The problem is, not everyone feels this way. My exuberance can be grating for others.
Some people barely hang on through a week, desperately awaiting the arrival of Friday and a weekend break. When faced with the next Monday they heave sighs of resignation and begin the week’s countdown again.
It’s not just because of their ‘glass half full, or glass half empty’ outlook. For many people, life is filled with physical challenges, work-related stress and family anxieties. Or maybe it’s page after page on their calendar where every square is marked with a meeting, or some kind of church or parental commitment. Mondays mean returning to another round on the proverbial hamster’s wheel… the rodent’s version of a treadmill that goes on and on and never gets anywhere.
I’ve been there, but I admit to still loving my Mondays. It’s not that my calendar is totally empty now, despite being retired. Some days I still feel overwhelmed by life’s commitments, but I’ve learned to balance.
One year, somewhere between being a pastor’s wife, mother of four, owner/manager of a business and a member of various church and community organizations, I discovered the necessity of self preservation. Yes, God provides me with the resources to do all that He has commissioned, but He also created me human, not divine. I’m made with a body, mind and soul. My spiritual and mental selves need regular nourishment. My physical self needs certain things to function well, too, and my brain periodically has to step up and tell me when I’m depriving myself of those things.

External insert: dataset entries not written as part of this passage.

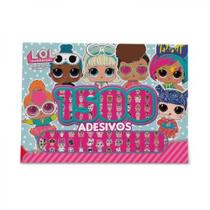 Livro - LOL Surprise Prancheta para Colorir com 1500 Adesivos On Line Editora Livro - LOL Surprise Prancheta para Colorir com 1500 Adesivos On Line Editora
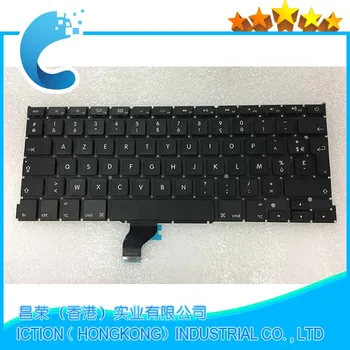 

10pcs/lot Brand New Replacement FR Keyboard For Macbook Pro Retina A1502 French Keyboard
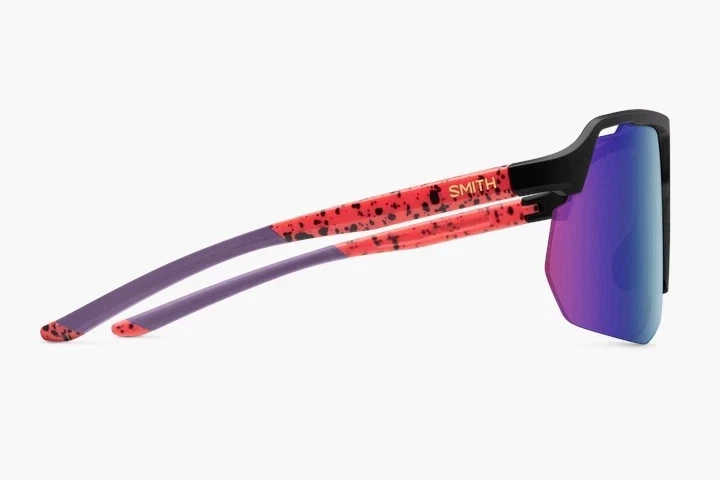 Gafas de sol con motivos SMITH OPTICS mate niño salvaje/espejo violeta cromapop Foto 3 de 4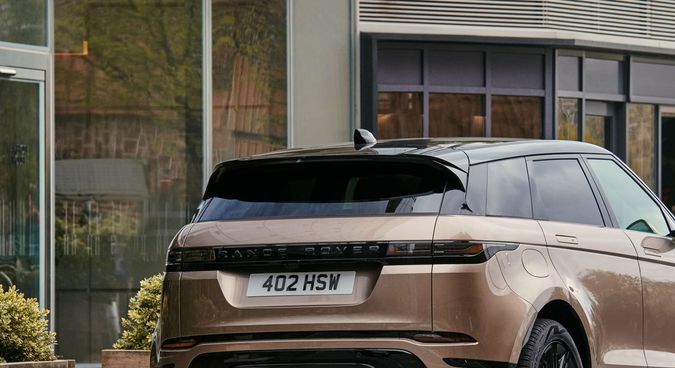 2024 land rover range rover evoque dynamic se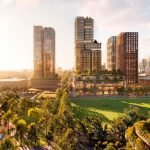Residential precinct: The $7 billion masterplan will deliver more than 5,400 homes alongside retail, hospitality, education and community infrastructure.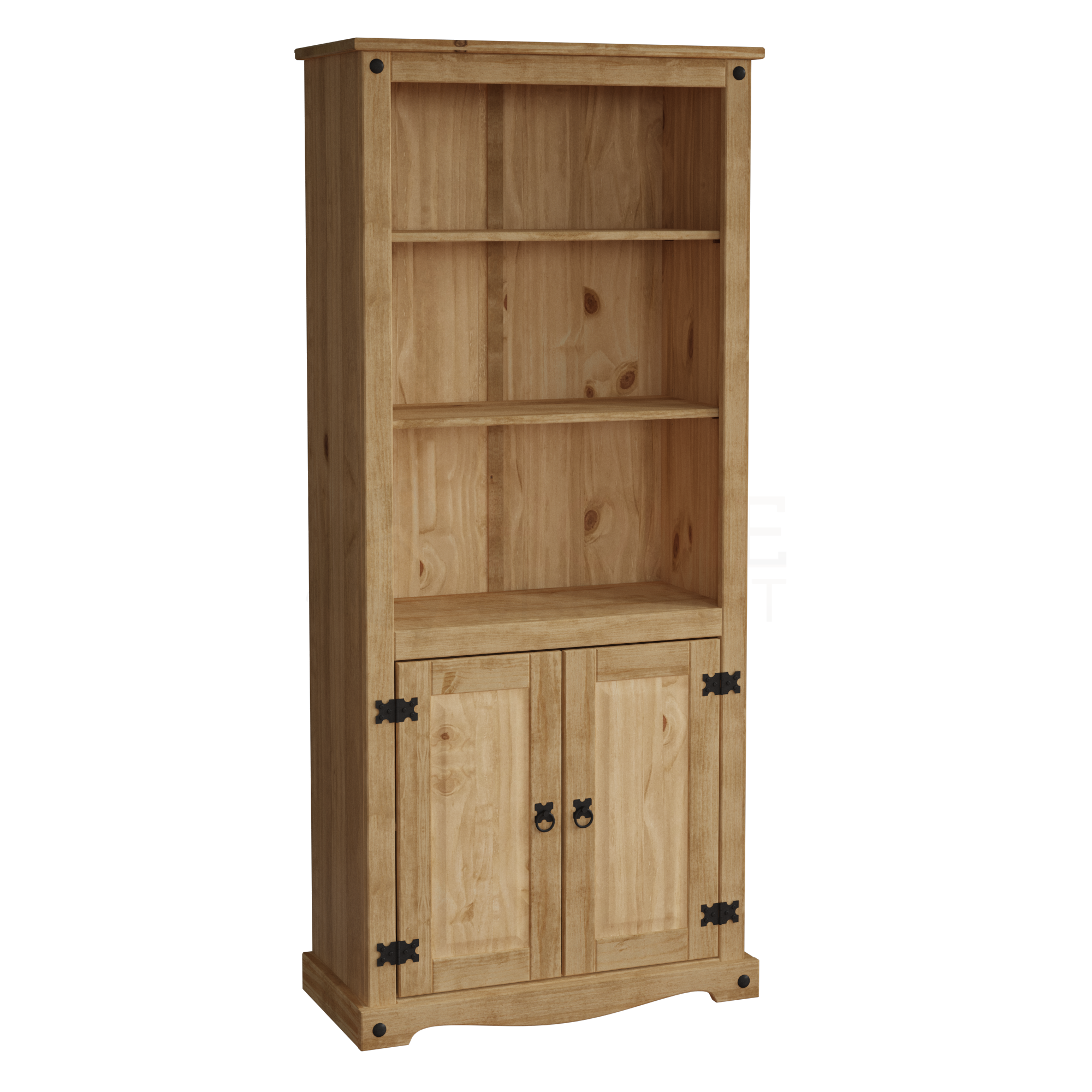 Corona 2-Door Bookcase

A little TLC may feel self-indulgent, but it’s remarkable how the stability of my emotional and physical self tips precariously when I ignore the well being of any of my components. I believe God expects me to take care of this vessel he created as his dwelling place, and to find the appropriate balance for my unique life. That balance has changed through the years, but in conjunction with time spent in God’s company, time spent in solitude has remained important.
Mondays are evaluation opportunities, chances to sort out the new week, its commitments, and my responsibilities. Beyond that, sometimes Mondays are do-absolutely-nothing days, sometimes they are full-to-the-brim days. Whatever they bring, Mondays are when I go into survival mode and make the choice of how I will cope with the rest of that week.
“When you have to make a choice and don’t make it,
that is in itself a choice.”
What affects your attitude about Mondays? Do you have a favourite day of the week? If you sometimes feel you’re balancing precariously what do/can you do to restore stability?
“My soul, be at rest in God alone, from whom comes my hope.”